> Given material:
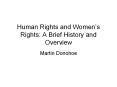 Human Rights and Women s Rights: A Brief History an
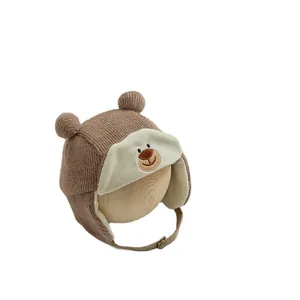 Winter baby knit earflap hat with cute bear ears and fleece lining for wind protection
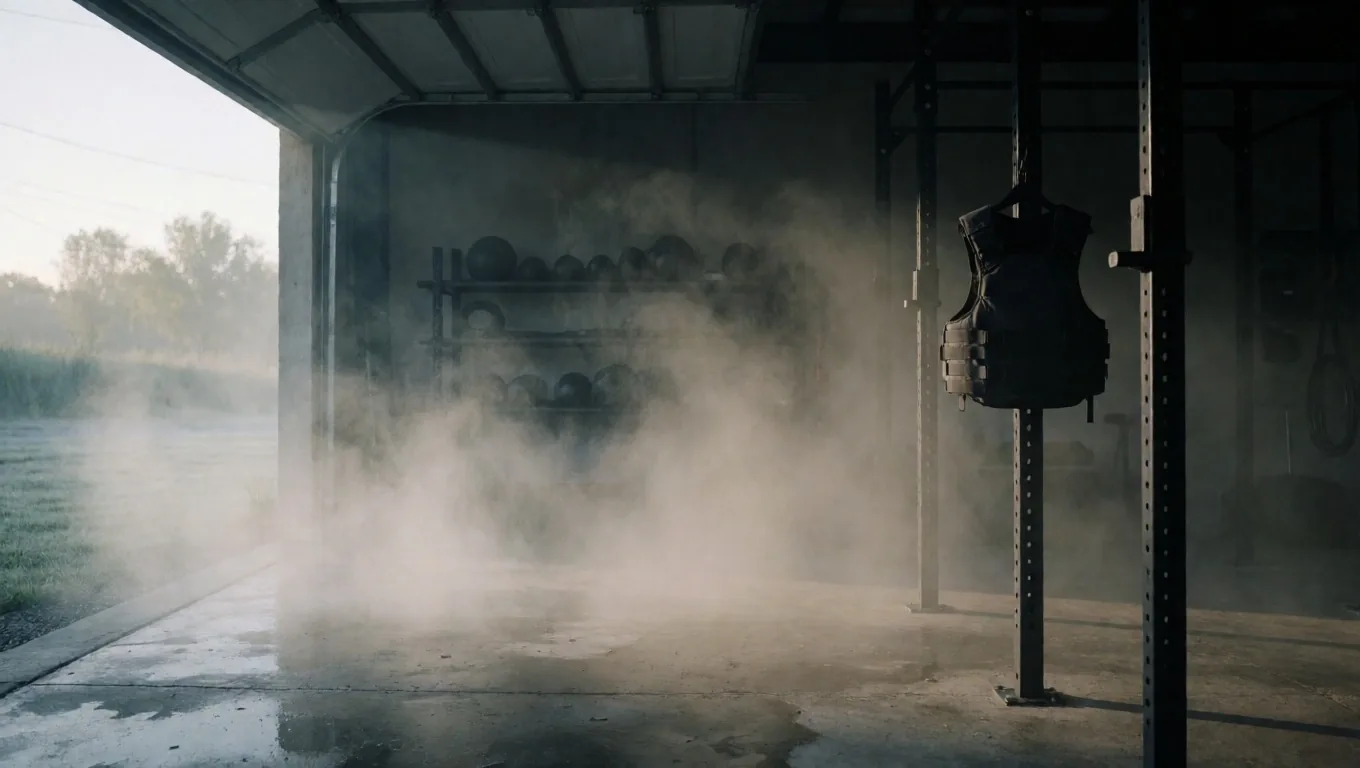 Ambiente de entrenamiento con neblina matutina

> Work to complete: Write the listing out a second time exactly, dropping all images.

> Solution to the problem:
 Human Rights and Women s Rights: A Brief History an
 Winter baby knit earflap hat with cute bear ears and fleece lining for wind protection
 Ambiente de entrenamiento con neblina matutina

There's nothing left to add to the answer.